■ Task brief
Once the line with "Self-Possession" is found in the entries below, repeat it and each following line exactly, up to and including the line with "control of Thrombopoetin". Add no other lines.

■ Provided records
###

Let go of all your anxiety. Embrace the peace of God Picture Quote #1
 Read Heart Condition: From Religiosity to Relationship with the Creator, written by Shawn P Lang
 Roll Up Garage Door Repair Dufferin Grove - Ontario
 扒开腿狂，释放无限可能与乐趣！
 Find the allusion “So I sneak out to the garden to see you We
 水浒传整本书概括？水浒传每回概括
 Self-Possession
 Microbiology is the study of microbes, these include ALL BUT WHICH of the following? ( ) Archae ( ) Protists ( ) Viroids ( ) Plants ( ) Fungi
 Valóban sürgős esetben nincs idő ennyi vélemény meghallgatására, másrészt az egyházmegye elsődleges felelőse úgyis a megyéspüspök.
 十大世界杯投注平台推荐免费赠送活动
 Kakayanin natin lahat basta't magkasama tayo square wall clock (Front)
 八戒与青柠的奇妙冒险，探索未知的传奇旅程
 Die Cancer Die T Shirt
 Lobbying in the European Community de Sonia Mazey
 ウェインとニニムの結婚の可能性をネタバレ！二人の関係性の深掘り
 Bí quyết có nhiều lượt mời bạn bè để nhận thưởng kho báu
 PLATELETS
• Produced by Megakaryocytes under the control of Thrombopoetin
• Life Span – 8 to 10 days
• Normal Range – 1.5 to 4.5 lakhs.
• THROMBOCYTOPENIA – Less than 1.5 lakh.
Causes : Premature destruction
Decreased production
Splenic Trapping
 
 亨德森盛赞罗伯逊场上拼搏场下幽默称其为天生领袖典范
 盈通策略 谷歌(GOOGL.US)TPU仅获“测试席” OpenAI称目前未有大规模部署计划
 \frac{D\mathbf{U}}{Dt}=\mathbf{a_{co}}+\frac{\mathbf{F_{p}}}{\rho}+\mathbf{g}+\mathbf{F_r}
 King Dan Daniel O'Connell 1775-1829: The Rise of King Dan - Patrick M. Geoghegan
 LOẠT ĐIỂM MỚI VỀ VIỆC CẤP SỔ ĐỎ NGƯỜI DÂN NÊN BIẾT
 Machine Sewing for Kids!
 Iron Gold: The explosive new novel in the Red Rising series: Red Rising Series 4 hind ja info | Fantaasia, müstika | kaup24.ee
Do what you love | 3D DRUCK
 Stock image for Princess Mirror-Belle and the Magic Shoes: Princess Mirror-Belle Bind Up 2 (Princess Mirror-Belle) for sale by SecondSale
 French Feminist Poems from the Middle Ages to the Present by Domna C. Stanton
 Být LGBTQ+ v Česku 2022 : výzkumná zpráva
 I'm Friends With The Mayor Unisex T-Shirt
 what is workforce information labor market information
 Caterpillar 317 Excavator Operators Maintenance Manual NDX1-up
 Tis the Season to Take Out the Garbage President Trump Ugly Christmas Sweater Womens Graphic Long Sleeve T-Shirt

###

■ Result of the task
 Self-Possession
 Microbiology is the study of microbes, these include ALL BUT WHICH of the following? ( ) Archae ( ) Protists ( ) Viroids ( ) Plants ( ) Fungi
 Valóban sürgős esetben nincs idő ennyi vélemény meghallgatására, másrészt az egyházmegye elsődleges felelőse úgyis a megyéspüspök.
 十大世界杯投注平台推荐免费赠送活动
 Kakayanin natin lahat basta't magkasama tayo square wall clock (Front)
 八戒与青柠的奇妙冒险，探索未知的传奇旅程
 Die Cancer Die T Shirt
 Lobbying in the European Community de Sonia Mazey
 ウェインとニニムの結婚の可能性をネタバレ！二人の関係性の深掘り
 Bí quyết có nhiều lượt mời bạn bè để nhận thưởng kho báu
 PLATELETS
• Produced by Megakaryocytes under the control of Thrombopoetin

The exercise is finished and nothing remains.